▶ [SUPPLIED DATA]:

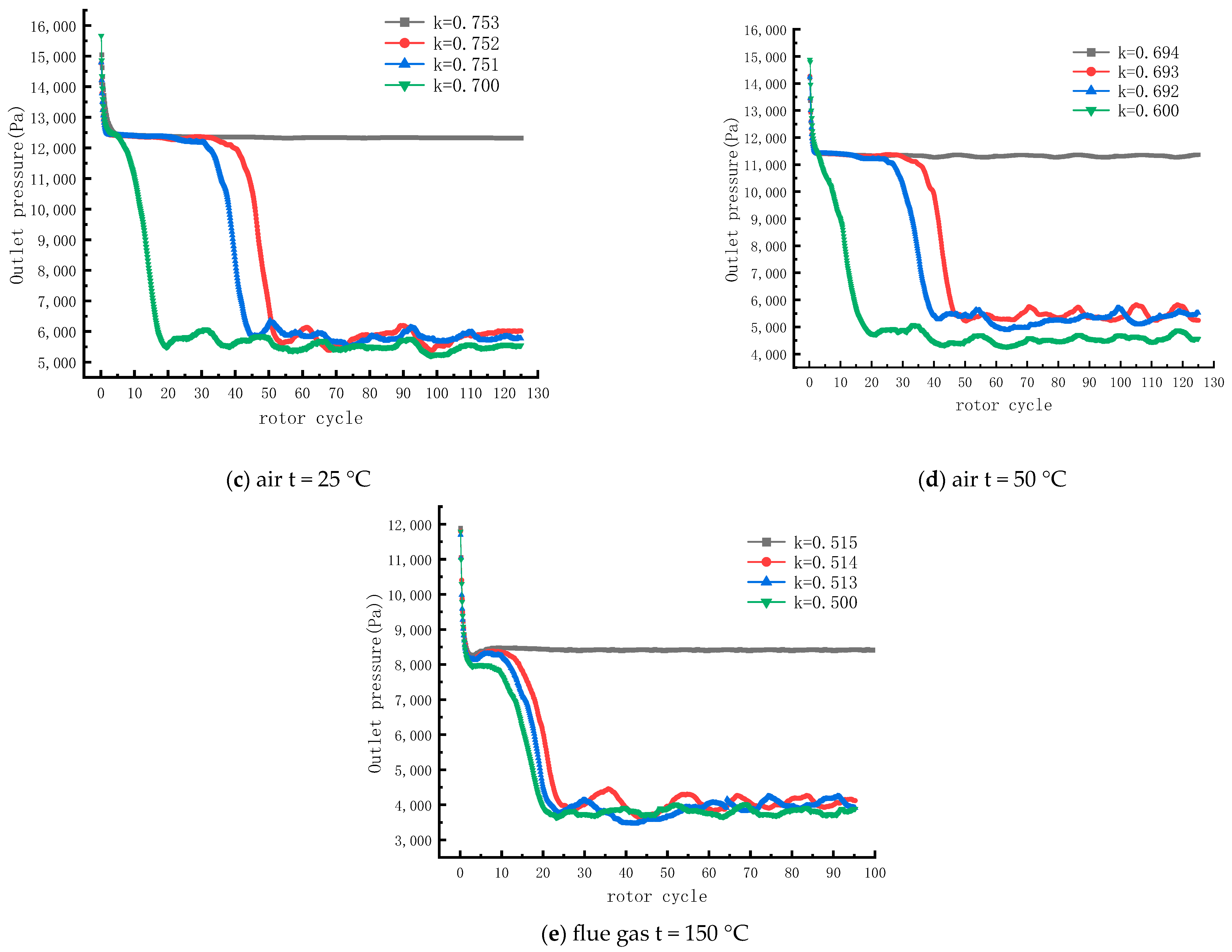 Processes 12 01781 g008b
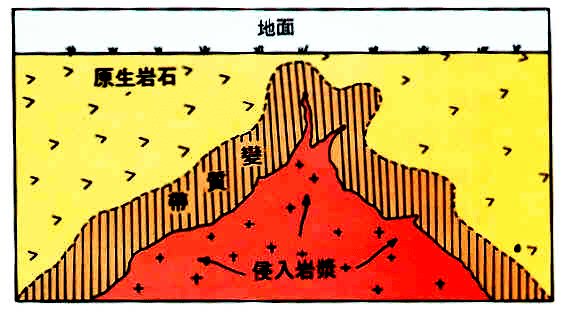 ①了解地球深部地质过程(蓝闪石,红帘石为 hp 环境产物,柯石英,金刚石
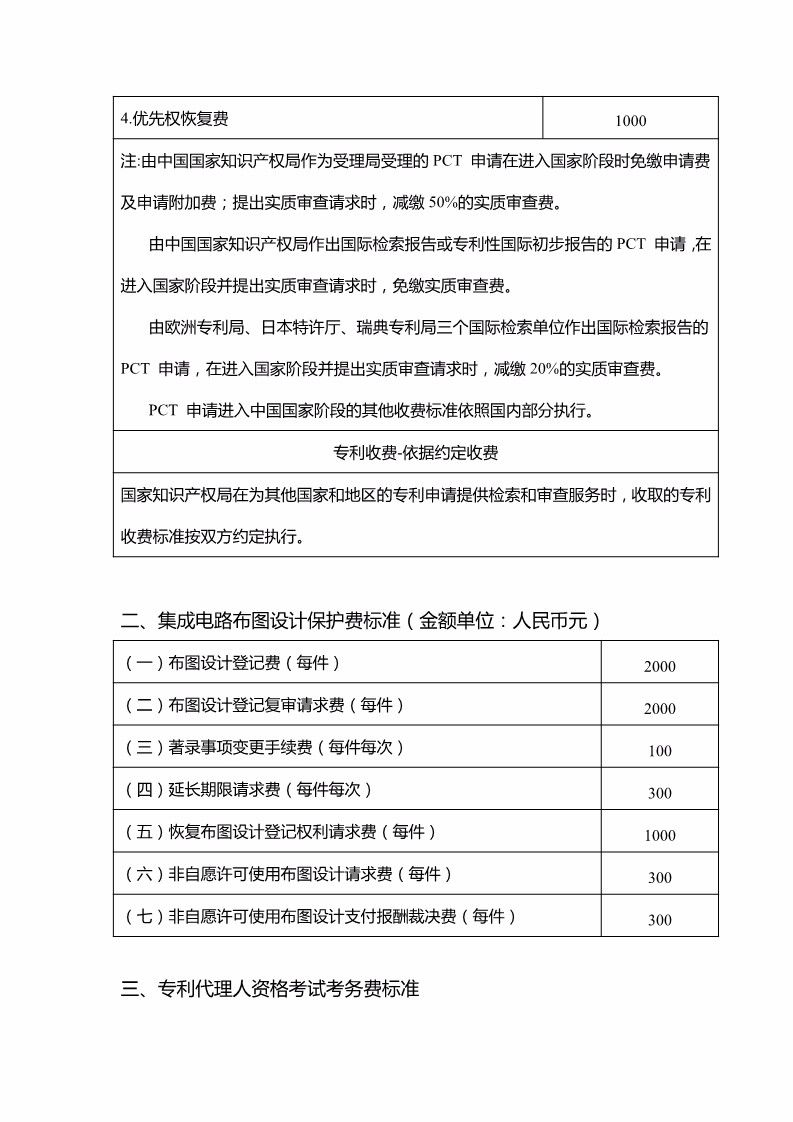 「山東、北京、江蘇」三省市專利服務成本價收費標準（公告）！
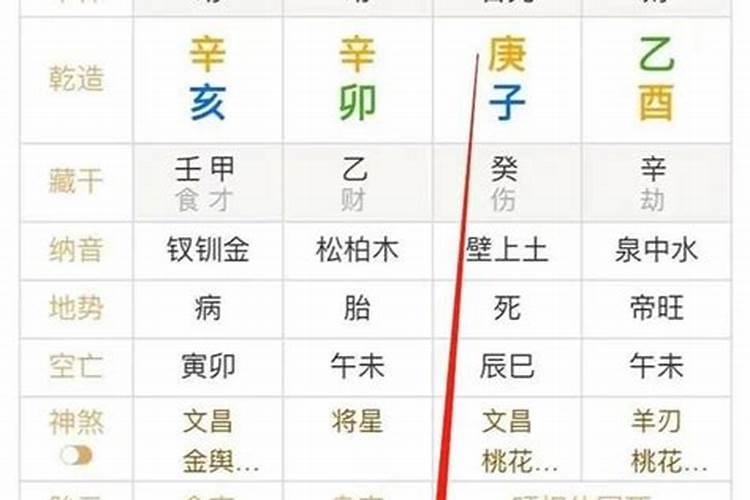 八字弱身旺是什么意思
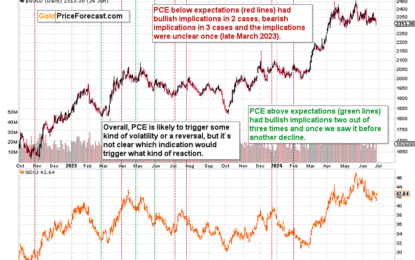 Would Low PCE Index Take Gold To The Moon?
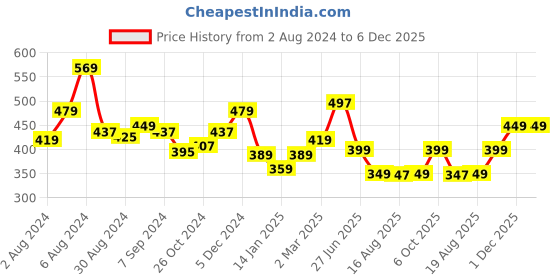 myntra.com Glamoras Non Padded Everyday Bra With All Day Comfort glamoras Price History Graph from 2 Aug 2024 to 5 Dec 2025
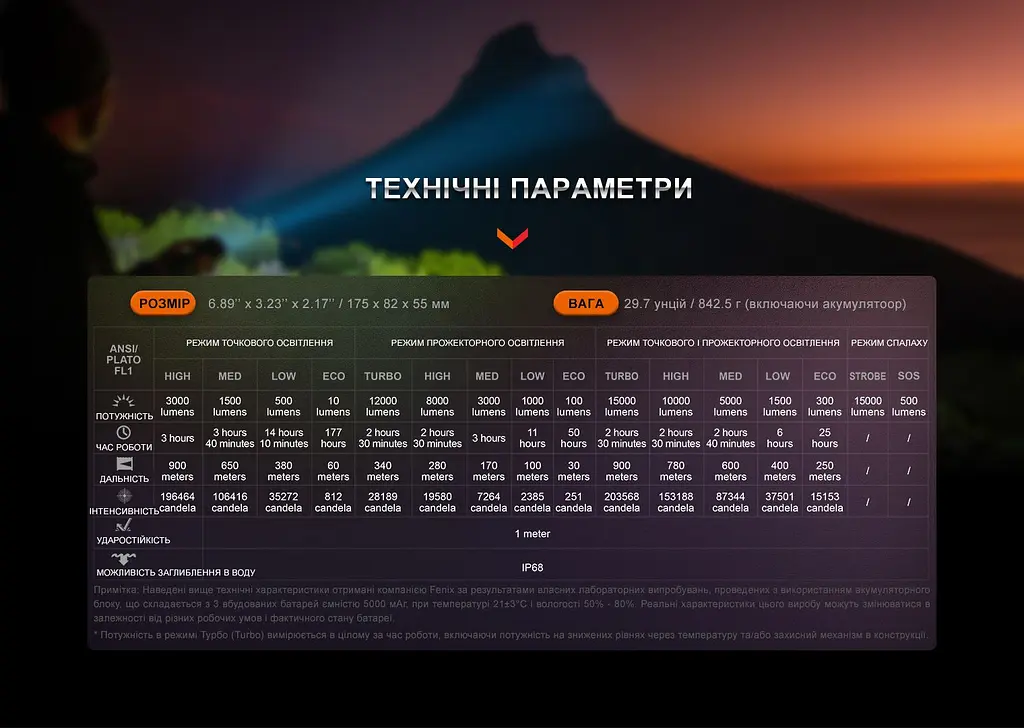 Ліхтар ручний Fenix LR40R V2.0 - фото 22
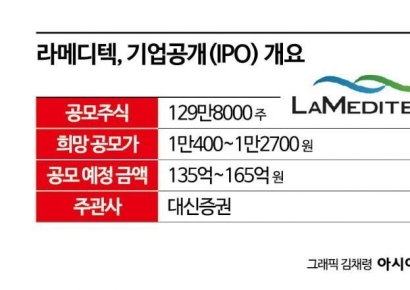 [증권신고서 읽는 기자]라메디텍, 미용기기株 호황타고 흥행할까?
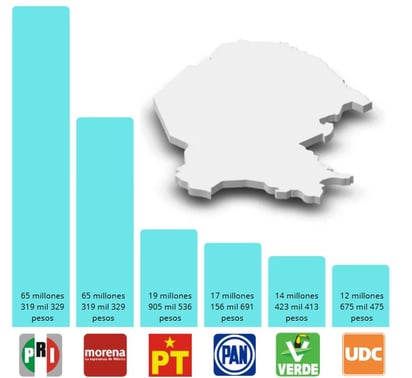 Coahuila: No habrá recursos para campañas electorales en 2025.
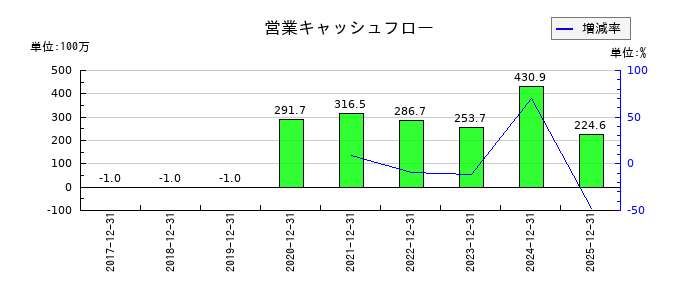 ビズメイツの営業キャッシュフロー推移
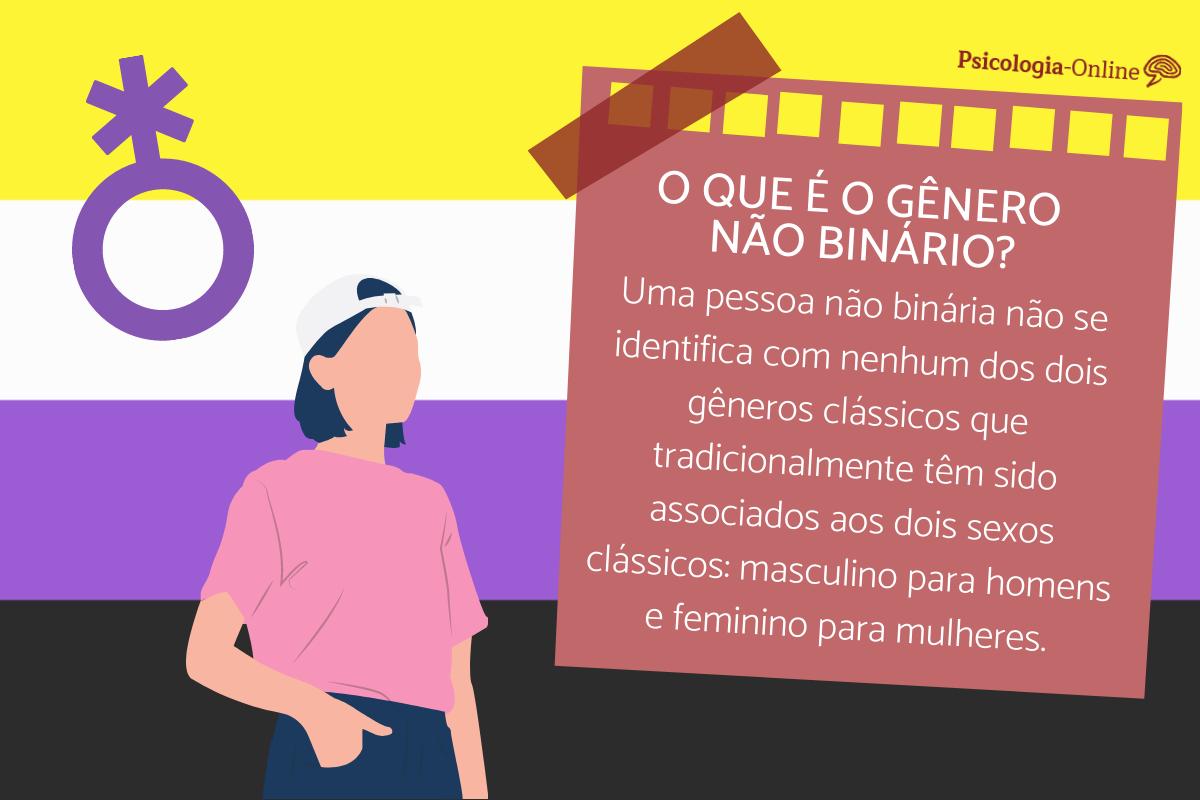 O que é o GÊNERO NÃO BINÁRIO - Perspectiva Psicológica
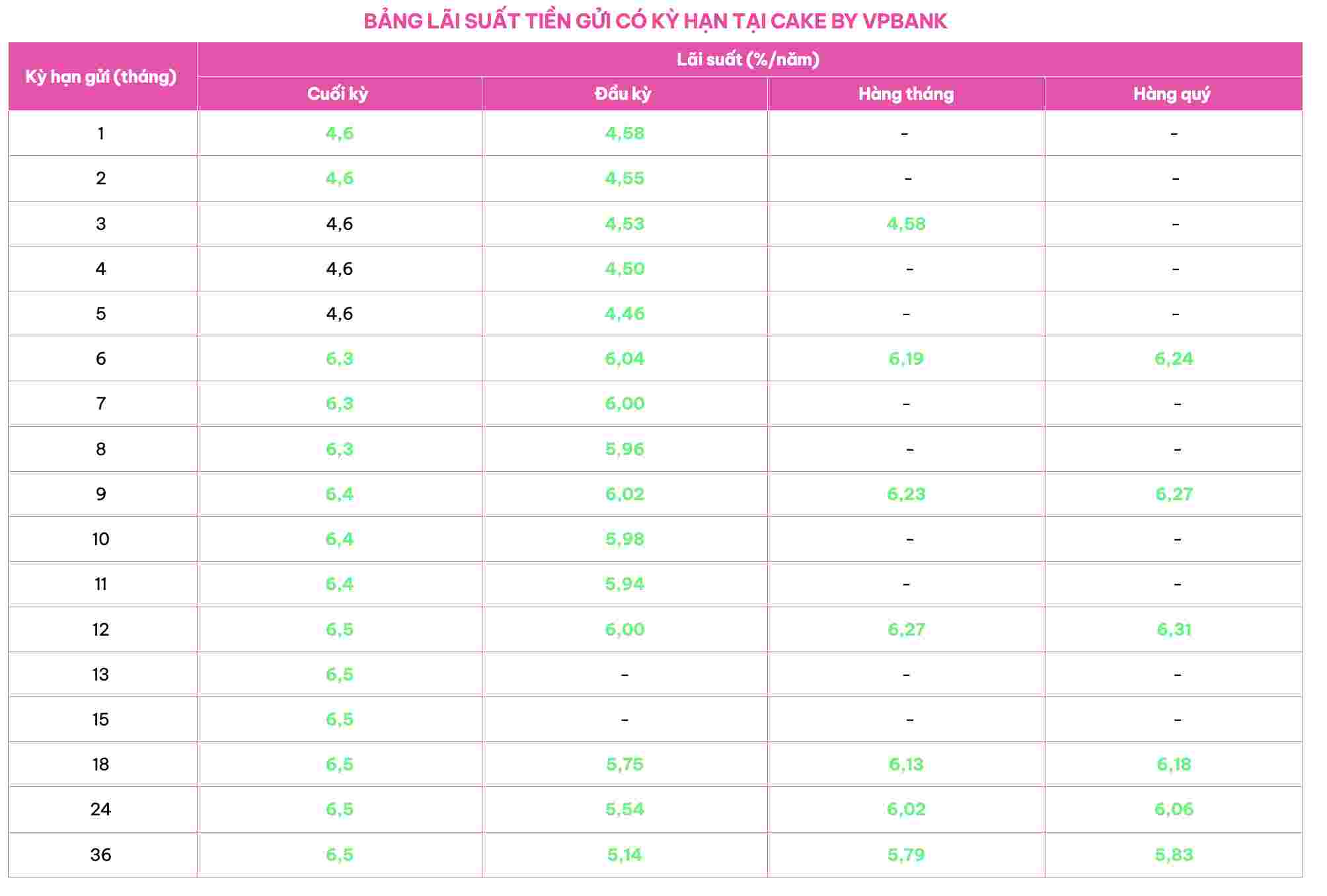 Bieu lai suat tiet kiem Cake by VPBank, cap nhat vao ngay 13.11.2025. Nguon: Cake by VPBank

▶ [WHAT YOU WILL DO]: Leave the pictures out, and please copy only the lines from the one with "O que é o GÊNERO" through the end of the listing.

▶ [ANSWER SPACE]:
 O que é o GÊNERO NÃO BINÁRIO - Perspectiva Psicológica
 Bieu lai suat tiet kiem Cake by VPBank, cap nhat vao ngay 13.11.2025. Nguon: Cake by VPBank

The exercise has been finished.